I get ExceptionInInitializerError
This error is triggered by an exception that occur during initialization of a static field or while executing a static initializer block. A quote from the Javadoc:
An ExceptionInInitializerError is thrown to indicate that an exception occurred during evaluation of a static initializer or the initializer for a static variable.
In this case, you are trying to typecast a map returned by unmodifiableMap() to HashMap and this casting fails. It can't succeed because unmodifiableMap() is meant to wrap any implementation of the Map interface (TreeMap, LinkedHashMap, etc.). And this method returns an instance of class UnmodifiableMap which implements Map interface (i.e. it overrides all required methods) and maintains a variable of type Map (a wrapped map that was passed as an argument) and delegates to calls to it. Inherently UnmodifiableMap and HashMap are siblings, they both implement Map, but they don't extend each other, therefore you can't cast between these types.
A remedy: write your code against interfaces, not concrete types, and you'll be fine. CONSTANT_MAP should be of type Map, not HashMap (by the way, I suggest to use more meaningful name like ganreById). Similarly, an argument of your method should be a List, not ArrayList.
I need a method that would compare HashMap keys with ArrayList elements. If the keys are equal the Hashmap value should be put to a separate ArrayList and be returned.
Firstly, judging by the contents of the map I believe you've misspelled the method name, and you meant genre, not gender. In the code below I've changed it, as well as parameter-names (sure, names are totally up to you, it's only an example, but keep in mind that they have a huge impact on the readability of the code and hence important) and parameter types are changed to be the types of interfaces List and Map.
The most efficient way to approach this task is to iterate over the list and check whether a particular element is contained in the map.
Not the opposite like you've done in your code because contains() check is costful on a list (you need to walk through all the elements to find  out if the matching element exists), it's O(n) time if you're familiar with Big O notation. Conversely, containsKey() check on a HashMap is almost instant - O(1).
If the matching key exist, the value associated with it will get added to the resulting list.

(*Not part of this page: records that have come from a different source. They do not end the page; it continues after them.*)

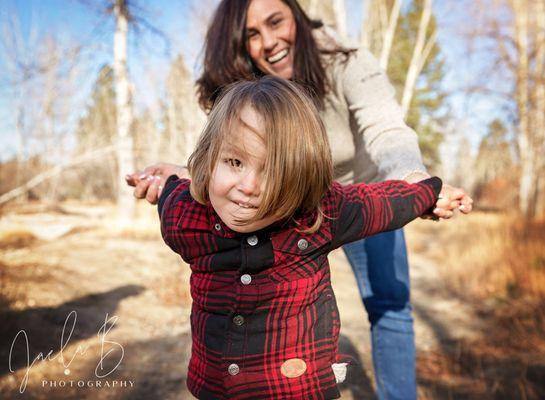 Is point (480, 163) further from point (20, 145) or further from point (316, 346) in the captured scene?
point (316, 346)

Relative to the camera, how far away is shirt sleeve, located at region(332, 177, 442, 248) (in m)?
1.22

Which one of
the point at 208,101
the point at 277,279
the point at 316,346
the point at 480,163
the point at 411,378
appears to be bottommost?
the point at 480,163

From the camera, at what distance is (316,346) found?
3.90ft

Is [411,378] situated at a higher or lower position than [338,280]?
higher

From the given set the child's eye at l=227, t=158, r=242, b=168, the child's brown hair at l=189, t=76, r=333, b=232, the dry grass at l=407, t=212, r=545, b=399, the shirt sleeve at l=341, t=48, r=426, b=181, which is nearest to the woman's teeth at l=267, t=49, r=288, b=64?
the shirt sleeve at l=341, t=48, r=426, b=181

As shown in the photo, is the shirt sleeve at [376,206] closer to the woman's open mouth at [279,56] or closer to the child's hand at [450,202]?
the child's hand at [450,202]

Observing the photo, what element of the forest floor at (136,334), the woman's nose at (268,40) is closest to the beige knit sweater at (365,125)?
the woman's nose at (268,40)

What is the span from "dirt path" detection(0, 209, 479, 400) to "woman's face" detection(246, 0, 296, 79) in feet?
5.87

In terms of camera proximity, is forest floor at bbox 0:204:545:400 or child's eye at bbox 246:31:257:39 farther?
forest floor at bbox 0:204:545:400

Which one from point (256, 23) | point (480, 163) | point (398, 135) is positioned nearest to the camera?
point (398, 135)

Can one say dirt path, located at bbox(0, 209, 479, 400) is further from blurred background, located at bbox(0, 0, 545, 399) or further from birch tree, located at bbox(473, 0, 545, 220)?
birch tree, located at bbox(473, 0, 545, 220)

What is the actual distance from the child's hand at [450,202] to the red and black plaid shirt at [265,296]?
0.60 ft

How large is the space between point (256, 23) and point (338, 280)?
4414 millimetres

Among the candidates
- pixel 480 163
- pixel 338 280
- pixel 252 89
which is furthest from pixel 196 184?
pixel 480 163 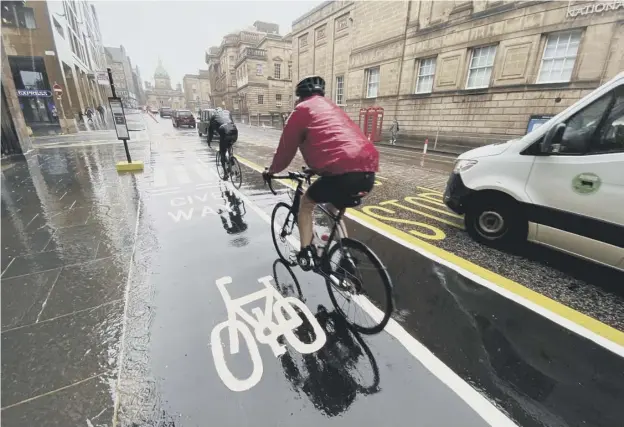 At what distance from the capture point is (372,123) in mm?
22125

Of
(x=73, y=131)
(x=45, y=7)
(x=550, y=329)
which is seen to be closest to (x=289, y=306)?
(x=550, y=329)

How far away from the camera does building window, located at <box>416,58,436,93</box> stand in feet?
64.8

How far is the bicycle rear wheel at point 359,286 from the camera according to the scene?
2.58 metres

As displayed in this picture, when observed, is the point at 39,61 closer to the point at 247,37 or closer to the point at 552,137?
the point at 552,137

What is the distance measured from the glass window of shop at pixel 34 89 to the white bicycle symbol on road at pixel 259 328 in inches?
1307

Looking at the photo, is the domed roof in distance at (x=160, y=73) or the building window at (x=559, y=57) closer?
the building window at (x=559, y=57)

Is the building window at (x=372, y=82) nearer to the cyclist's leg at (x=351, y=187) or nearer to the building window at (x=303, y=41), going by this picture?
the building window at (x=303, y=41)

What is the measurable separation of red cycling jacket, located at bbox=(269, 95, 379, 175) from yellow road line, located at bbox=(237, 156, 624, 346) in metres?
2.13

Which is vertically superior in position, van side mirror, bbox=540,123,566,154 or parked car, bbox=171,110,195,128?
van side mirror, bbox=540,123,566,154

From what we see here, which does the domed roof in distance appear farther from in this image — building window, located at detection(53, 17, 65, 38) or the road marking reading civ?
the road marking reading civ

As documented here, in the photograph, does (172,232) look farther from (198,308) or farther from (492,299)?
(492,299)

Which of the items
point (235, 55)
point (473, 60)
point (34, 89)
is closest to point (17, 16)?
point (34, 89)

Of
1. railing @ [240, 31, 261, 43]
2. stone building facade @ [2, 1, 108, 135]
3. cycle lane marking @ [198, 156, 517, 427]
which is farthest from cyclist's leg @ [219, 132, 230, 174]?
railing @ [240, 31, 261, 43]

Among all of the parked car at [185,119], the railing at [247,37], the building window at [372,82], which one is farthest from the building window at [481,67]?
the railing at [247,37] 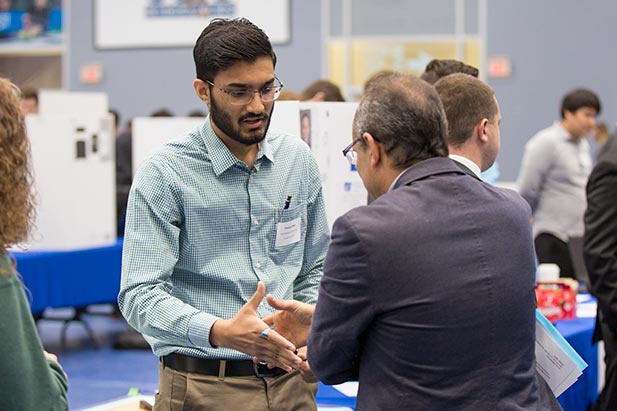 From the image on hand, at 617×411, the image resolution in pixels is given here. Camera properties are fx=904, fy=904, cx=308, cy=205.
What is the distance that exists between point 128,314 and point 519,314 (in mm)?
797

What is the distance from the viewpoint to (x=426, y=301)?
151cm

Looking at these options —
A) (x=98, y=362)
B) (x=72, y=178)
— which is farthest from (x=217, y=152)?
(x=98, y=362)

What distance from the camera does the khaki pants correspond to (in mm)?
1913

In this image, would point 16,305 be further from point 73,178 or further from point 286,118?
point 73,178

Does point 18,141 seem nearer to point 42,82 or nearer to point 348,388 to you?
point 348,388

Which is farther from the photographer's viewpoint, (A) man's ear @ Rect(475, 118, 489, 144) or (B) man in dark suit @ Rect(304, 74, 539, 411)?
(A) man's ear @ Rect(475, 118, 489, 144)

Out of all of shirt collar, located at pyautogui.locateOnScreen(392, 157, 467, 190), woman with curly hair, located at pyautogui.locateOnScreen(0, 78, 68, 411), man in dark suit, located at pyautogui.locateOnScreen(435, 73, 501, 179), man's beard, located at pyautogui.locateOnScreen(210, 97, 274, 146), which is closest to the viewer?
woman with curly hair, located at pyautogui.locateOnScreen(0, 78, 68, 411)

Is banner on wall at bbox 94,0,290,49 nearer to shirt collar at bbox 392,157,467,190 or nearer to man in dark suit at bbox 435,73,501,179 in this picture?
man in dark suit at bbox 435,73,501,179

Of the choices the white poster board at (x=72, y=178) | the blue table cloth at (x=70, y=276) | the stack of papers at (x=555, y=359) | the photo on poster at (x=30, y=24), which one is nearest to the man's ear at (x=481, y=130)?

public static List<String> getGenre(List<Integer> ids, 
                                    Map<Integer, String> genreById) {
    List<String> result = new ArrayList<>();
    for (Integer id: ids) {
        if (genreById.containsKey(id))
            result.add(genreById.get(id));
    }
    return result;
}
Sidenotes:
- If this method resides in the same class where the map is defined as a static field, passing it as parameter is redundant.
- You can substitute double-curly braces initialization (which isn't considered to be a good practice) with the static method Map.ofEntries()accessible with Java 9. It returns a map which is already unmodifiable, so there will be no need to wrap it withCollections.unmodifiableMap().